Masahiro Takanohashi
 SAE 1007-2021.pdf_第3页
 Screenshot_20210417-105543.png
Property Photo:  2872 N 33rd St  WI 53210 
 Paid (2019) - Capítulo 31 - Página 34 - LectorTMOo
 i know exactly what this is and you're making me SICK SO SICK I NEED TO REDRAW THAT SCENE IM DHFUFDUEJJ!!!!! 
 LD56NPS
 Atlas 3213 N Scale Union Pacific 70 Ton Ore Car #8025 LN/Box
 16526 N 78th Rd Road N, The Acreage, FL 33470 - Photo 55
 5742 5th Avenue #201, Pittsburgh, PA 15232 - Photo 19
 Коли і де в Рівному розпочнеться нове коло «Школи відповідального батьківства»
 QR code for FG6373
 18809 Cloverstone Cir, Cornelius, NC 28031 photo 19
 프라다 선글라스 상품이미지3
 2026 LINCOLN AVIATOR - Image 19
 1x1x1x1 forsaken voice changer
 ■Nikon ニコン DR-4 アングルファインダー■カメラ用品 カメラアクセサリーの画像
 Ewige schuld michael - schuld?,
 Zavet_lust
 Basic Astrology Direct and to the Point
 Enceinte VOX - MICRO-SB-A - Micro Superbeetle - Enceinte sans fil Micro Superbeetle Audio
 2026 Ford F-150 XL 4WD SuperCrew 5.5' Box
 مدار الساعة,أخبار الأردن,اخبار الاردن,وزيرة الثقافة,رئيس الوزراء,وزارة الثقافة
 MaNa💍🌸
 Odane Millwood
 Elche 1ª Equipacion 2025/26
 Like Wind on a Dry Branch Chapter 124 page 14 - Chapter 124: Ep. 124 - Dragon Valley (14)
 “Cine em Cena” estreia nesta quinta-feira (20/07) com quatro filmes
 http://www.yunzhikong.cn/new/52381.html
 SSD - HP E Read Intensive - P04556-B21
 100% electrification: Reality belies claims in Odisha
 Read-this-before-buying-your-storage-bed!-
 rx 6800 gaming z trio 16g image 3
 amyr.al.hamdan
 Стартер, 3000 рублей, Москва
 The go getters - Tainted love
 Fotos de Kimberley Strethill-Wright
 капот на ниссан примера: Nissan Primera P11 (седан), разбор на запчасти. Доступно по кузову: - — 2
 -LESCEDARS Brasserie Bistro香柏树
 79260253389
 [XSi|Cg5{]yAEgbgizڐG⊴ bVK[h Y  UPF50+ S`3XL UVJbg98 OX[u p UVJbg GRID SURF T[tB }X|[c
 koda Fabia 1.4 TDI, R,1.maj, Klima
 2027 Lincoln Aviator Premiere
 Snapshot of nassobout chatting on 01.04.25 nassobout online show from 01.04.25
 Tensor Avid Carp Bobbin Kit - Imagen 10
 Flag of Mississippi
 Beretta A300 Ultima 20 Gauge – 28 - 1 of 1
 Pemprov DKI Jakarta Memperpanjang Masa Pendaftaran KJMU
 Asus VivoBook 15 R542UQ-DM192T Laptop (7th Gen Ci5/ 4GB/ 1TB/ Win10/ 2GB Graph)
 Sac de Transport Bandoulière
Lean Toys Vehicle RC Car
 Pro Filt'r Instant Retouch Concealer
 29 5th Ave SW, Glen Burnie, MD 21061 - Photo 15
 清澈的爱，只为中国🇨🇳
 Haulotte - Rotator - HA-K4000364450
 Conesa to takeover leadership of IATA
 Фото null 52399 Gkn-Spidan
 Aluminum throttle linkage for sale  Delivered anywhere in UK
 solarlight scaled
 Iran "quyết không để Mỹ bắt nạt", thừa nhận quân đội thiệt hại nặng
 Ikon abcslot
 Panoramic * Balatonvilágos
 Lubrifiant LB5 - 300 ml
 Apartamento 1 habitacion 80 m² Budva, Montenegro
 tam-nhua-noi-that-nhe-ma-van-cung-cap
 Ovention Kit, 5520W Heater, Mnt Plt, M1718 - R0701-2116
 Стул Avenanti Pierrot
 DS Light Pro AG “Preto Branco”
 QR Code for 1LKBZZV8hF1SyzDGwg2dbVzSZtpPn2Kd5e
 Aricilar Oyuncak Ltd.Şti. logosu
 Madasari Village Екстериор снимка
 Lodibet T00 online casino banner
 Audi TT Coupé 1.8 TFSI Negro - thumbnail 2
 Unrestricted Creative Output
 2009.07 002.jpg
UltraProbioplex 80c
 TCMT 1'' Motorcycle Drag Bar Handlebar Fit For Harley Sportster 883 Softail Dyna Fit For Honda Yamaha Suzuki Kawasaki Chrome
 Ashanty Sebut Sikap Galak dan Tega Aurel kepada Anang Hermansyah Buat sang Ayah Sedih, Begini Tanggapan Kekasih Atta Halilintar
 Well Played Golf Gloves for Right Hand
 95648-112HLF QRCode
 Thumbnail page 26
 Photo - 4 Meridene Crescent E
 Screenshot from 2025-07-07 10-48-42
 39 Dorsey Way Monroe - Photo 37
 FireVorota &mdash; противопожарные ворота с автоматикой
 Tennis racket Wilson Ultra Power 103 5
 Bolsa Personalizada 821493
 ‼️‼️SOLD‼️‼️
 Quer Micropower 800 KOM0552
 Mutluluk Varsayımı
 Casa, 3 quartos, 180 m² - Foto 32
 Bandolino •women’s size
::::::
Brief: Set down again, word for word, the stretch of records from the line with "DR-4 アングルファインダー■カメラ用品 カメラアクセサリーの画像" to the line with "amyr.al.hamdan", both of those lines included.

Task result:
 ■Nikon ニコン DR-4 アングルファインダー■カメラ用品 カメラアクセサリーの画像
 Ewige schuld michael - schuld?,
 Zavet_lust
 Basic Astrology Direct and to the Point
 Enceinte VOX - MICRO-SB-A - Micro Superbeetle - Enceinte sans fil Micro Superbeetle Audio
 2026 Ford F-150 XL 4WD SuperCrew 5.5' Box
 مدار الساعة,أخبار الأردن,اخبار الاردن,وزيرة الثقافة,رئيس الوزراء,وزارة الثقافة
 MaNa💍🌸
 Odane Millwood
 Elche 1ª Equipacion 2025/26
 Like Wind on a Dry Branch Chapter 124 page 14 - Chapter 124: Ep. 124 - Dragon Valley (14)
 “Cine em Cena” estreia nesta quinta-feira (20/07) com quatro filmes
 http://www.yunzhikong.cn/new/52381.html
 SSD - HP E Read Intensive - P04556-B21
 100% electrification: Reality belies claims in Odisha
 Read-this-before-buying-your-storage-bed!-
 rx 6800 gaming z trio 16g image 3
 amyr.al.hamdan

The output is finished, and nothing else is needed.